Transcribe every line of the material below without change, apart from dropping the pictures.
(Task material)
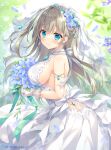  1girl ameto_yuki armpits bare_back bare_shoulders blonde_hair blush bouquet breasts bridal_veil bride closed_mouth colored_skin dress ear_focus flower green_hair hair_between_eyes hair_flower hair_ornament jewelry lace lace-trimmed_dress lace_trim large_breasts long_hair looking_at_viewer original pointy_breasts ribbon sideboob skirt sleeveless smile veil very_long_hair wedding_dress white_dress white_skin white_skirt 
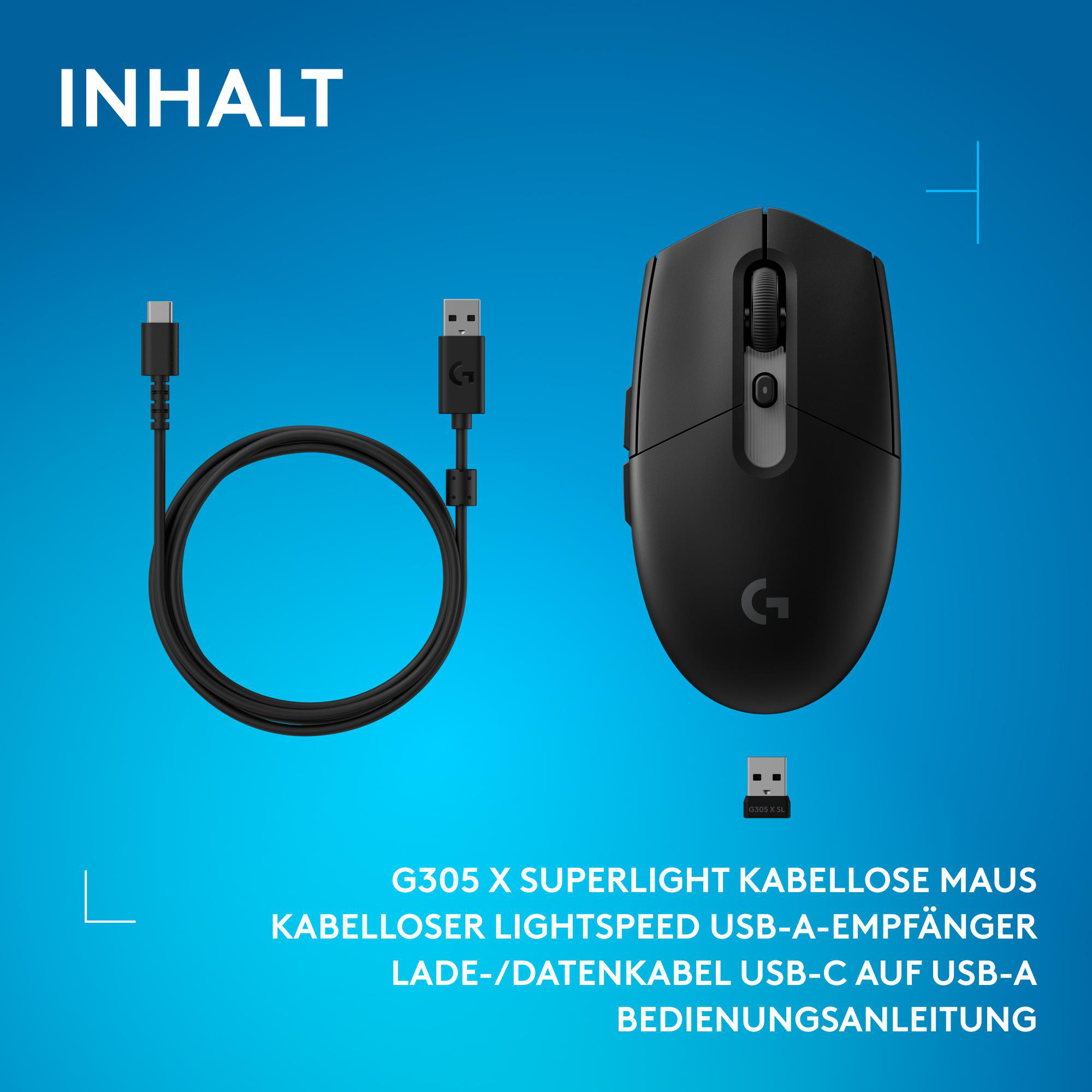 Schwarze kabellose Maus, Kabel, USB-Empfänger und Anleitung auf blauem Grund.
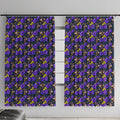 Melbourne Storm Window Curtain Tropical Hibiscus Floral Seamless Rugby Mascot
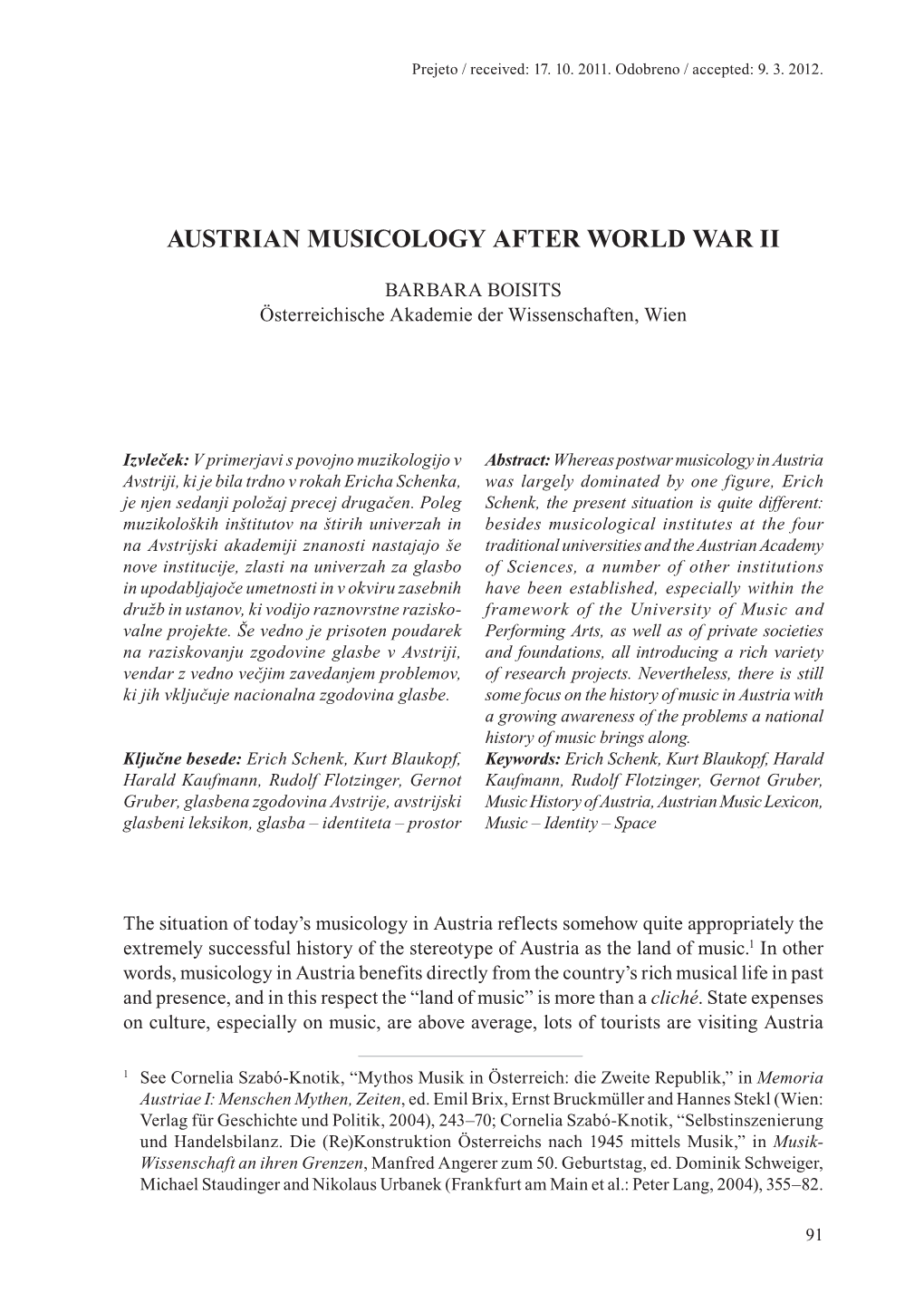 Austrian Musicology After World War II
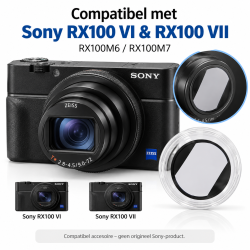 DrPhone LensGuard UV Filter – Compatibel met Sony RX100 VI / RX100 VII – Zelfklevende Lensbeschermer
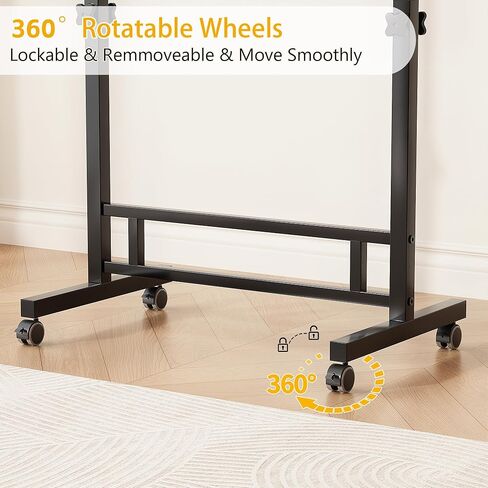 Adjustable Standing Desk - Rolling Portable Desk for Home Office, Black Portable Rolling Desk, Small Standing Desk with Wheels for Walking Pad, Study Room, Teacher in Kuwait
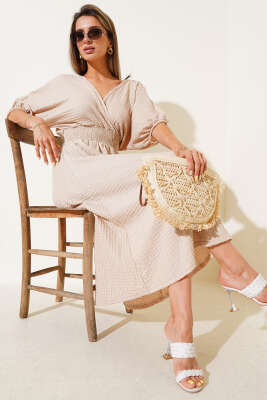 Bel Gipeli Yarım Kol Kırınkıl Midi Elbise Bej - Thumbnail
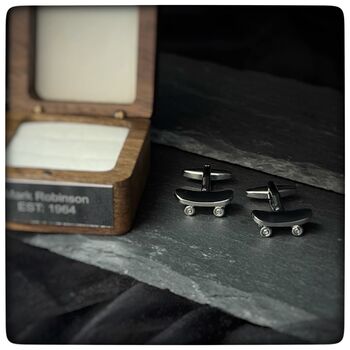 Personalised Silver Coloured Skateboard Cufflinks, 5 of 10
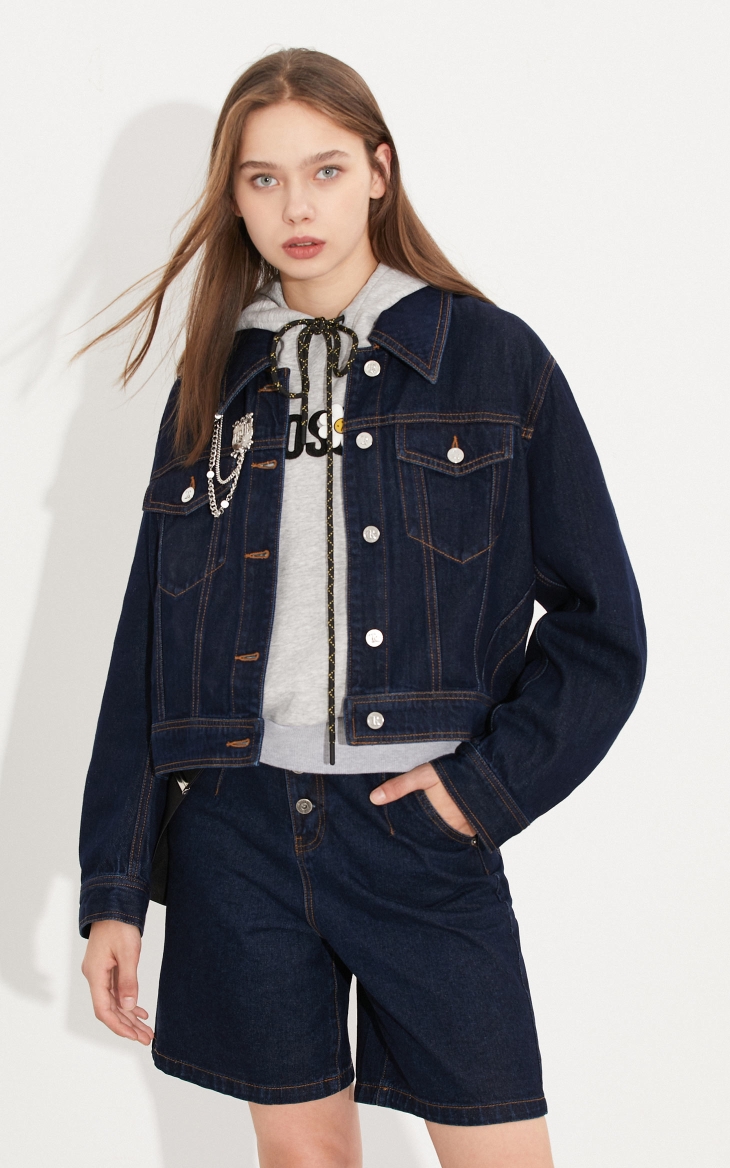 女装 短外套 only only2021秋季新款时尚潮流宽松短款个性明线牛仔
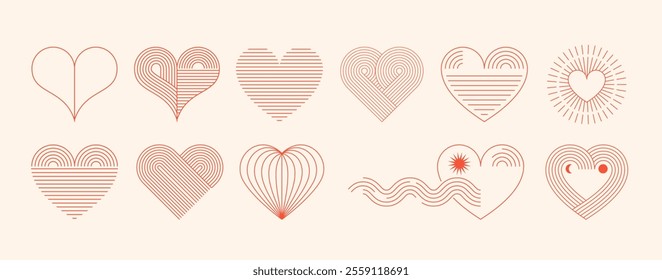 Boho Valentines day abstract linear art hearts. Minimalist geometric Valentines heart symbols, elements. Love, wedding, valentines concept illustration and vector design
(End Task material)
▸ Output of the task:
  1girl ameto_yuki armpits bare_back bare_shoulders blonde_hair blush bouquet breasts bridal_veil bride closed_mouth colored_skin dress ear_focus flower green_hair hair_between_eyes hair_flower hair_ornament jewelry lace lace-trimmed_dress lace_trim large_breasts long_hair looking_at_viewer original pointy_breasts ribbon sideboob skirt sleeveless smile veil very_long_hair wedding_dress white_dress white_skin white_skirt 
 Schwarze kabellose Maus, Kabel, USB-Empfänger und Anleitung auf blauem Grund.
 Melbourne Storm Window Curtain Tropical Hibiscus Floral Seamless Rugby Mascot
 Austrian Musicology After World War II
 DrPhone LensGuard UV Filter – Compatibel met Sony RX100 VI / RX100 VII – Zelfklevende Lensbeschermer
 Adjustable Standing Desk - Rolling Portable Desk for Home Office, Black Portable Rolling Desk, Small Standing Desk with Wheels for Walking Pad, Study Room, Teacher in Kuwait
 Bel Gipeli Yarım Kol Kırınkıl Midi Elbise Bej - Thumbnail
 Personalised Silver Coloured Skateboard Cufflinks, 5 of 10
 女装 短外套 only only2021秋季新款时尚潮流宽松短款个性明线牛仔
 Boho Valentines day abstract linear art hearts. Minimalist geometric Valentines heart symbols, elements. Love, wedding, valentines concept illustration and vector design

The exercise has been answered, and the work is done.